● **Stored data**:
---

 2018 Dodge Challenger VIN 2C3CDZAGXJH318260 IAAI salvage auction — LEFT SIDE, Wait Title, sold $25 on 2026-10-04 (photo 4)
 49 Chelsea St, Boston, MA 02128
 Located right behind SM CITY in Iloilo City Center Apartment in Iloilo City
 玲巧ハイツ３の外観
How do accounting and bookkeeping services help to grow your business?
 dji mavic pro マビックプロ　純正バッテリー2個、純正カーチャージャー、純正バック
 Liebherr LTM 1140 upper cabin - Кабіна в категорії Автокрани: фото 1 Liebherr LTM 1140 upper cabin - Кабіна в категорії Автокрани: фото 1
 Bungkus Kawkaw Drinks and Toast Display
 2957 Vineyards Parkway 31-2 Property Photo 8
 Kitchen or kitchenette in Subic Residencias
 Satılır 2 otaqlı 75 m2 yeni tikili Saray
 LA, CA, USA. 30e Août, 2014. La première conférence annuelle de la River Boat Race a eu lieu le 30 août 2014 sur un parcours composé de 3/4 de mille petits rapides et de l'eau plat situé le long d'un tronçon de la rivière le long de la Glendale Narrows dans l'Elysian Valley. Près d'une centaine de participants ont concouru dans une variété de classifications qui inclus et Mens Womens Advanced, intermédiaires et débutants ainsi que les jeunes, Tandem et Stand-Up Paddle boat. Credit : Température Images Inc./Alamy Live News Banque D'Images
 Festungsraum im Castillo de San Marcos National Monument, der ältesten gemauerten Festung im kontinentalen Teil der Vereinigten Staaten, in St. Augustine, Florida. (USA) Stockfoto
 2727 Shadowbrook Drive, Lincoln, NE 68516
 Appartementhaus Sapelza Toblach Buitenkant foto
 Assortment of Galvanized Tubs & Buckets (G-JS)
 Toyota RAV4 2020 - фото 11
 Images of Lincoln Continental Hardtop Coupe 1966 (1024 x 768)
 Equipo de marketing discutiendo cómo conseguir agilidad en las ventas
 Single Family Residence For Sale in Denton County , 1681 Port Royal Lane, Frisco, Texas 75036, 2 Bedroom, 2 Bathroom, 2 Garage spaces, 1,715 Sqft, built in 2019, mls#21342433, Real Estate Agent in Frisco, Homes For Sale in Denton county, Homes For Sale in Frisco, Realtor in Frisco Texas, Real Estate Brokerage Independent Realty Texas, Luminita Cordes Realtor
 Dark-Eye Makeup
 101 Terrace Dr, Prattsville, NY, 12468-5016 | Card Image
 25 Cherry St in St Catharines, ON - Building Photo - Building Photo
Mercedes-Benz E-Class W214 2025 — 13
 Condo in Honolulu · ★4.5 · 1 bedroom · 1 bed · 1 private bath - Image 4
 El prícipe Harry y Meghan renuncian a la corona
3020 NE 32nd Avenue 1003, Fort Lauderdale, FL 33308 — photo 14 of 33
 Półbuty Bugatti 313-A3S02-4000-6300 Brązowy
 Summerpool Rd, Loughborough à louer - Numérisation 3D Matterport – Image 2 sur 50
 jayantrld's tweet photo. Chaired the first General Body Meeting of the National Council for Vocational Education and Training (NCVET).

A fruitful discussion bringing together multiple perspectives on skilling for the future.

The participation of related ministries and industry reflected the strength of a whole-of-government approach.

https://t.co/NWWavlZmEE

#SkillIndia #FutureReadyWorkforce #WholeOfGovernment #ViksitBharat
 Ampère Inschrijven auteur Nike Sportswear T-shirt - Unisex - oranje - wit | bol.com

---

● **Aim of the task**: Reproduce, exactly, all the lines shown above.

● **Response area**:
 2018 Dodge Challenger VIN 2C3CDZAGXJH318260 IAAI salvage auction — LEFT SIDE, Wait Title, sold $25 on 2026-10-04 (photo 4)
 49 Chelsea St, Boston, MA 02128
 Located right behind SM CITY in Iloilo City Center Apartment in Iloilo City
 玲巧ハイツ３の外観
How do accounting and bookkeeping services help to grow your business?
 dji mavic pro マビックプロ　純正バッテリー2個、純正カーチャージャー、純正バック
 Liebherr LTM 1140 upper cabin - Кабіна в категорії Автокрани: фото 1 Liebherr LTM 1140 upper cabin - Кабіна в категорії Автокрани: фото 1
 Bungkus Kawkaw Drinks and Toast Display
 2957 Vineyards Parkway 31-2 Property Photo 8
 Kitchen or kitchenette in Subic Residencias
 Satılır 2 otaqlı 75 m2 yeni tikili Saray
 LA, CA, USA. 30e Août, 2014. La première conférence annuelle de la River Boat Race a eu lieu le 30 août 2014 sur un parcours composé de 3/4 de mille petits rapides et de l'eau plat situé le long d'un tronçon de la rivière le long de la Glendale Narrows dans l'Elysian Valley. Près d'une centaine de participants ont concouru dans une variété de classifications qui inclus et Mens Womens Advanced, intermédiaires et débutants ainsi que les jeunes, Tandem et Stand-Up Paddle boat. Credit : Température Images Inc./Alamy Live News Banque D'Images
 Festungsraum im Castillo de San Marcos National Monument, der ältesten gemauerten Festung im kontinentalen Teil der Vereinigten Staaten, in St. Augustine, Florida. (USA) Stockfoto
 2727 Shadowbrook Drive, Lincoln, NE 68516
 Appartementhaus Sapelza Toblach Buitenkant foto
 Assortment of Galvanized Tubs & Buckets (G-JS)
 Toyota RAV4 2020 - фото 11
 Images of Lincoln Continental Hardtop Coupe 1966 (1024 x 768)
 Equipo de marketing discutiendo cómo conseguir agilidad en las ventas
 Single Family Residence For Sale in Denton County , 1681 Port Royal Lane, Frisco, Texas 75036, 2 Bedroom, 2 Bathroom, 2 Garage spaces, 1,715 Sqft, built in 2019, mls#21342433, Real Estate Agent in Frisco, Homes For Sale in Denton county, Homes For Sale in Frisco, Realtor in Frisco Texas, Real Estate Brokerage Independent Realty Texas, Luminita Cordes Realtor
 Dark-Eye Makeup
 101 Terrace Dr, Prattsville, NY, 12468-5016 | Card Image
 25 Cherry St in St Catharines, ON - Building Photo - Building Photo
Mercedes-Benz E-Class W214 2025 — 13
 Condo in Honolulu · ★4.5 · 1 bedroom · 1 bed · 1 private bath - Image 4
 El prícipe Harry y Meghan renuncian a la corona
3020 NE 32nd Avenue 1003, Fort Lauderdale, FL 33308 — photo 14 of 33
 Półbuty Bugatti 313-A3S02-4000-6300 Brązowy
 Summerpool Rd, Loughborough à louer - Numérisation 3D Matterport – Image 2 sur 50
 jayantrld's tweet photo. Chaired the first General Body Meeting of the National Council for Vocational Education and Training (NCVET).

A fruitful discussion bringing together multiple perspectives on skilling for the future.

The participation of related ministries and industry reflected the strength of a whole-of-government approach.

https://t.co/NWWavlZmEE

#SkillIndia #FutureReadyWorkforce #WholeOfGovernment #ViksitBharat
 Ampère Inschrijven auteur Nike Sportswear T-shirt - Unisex - oranje - wit | bol.com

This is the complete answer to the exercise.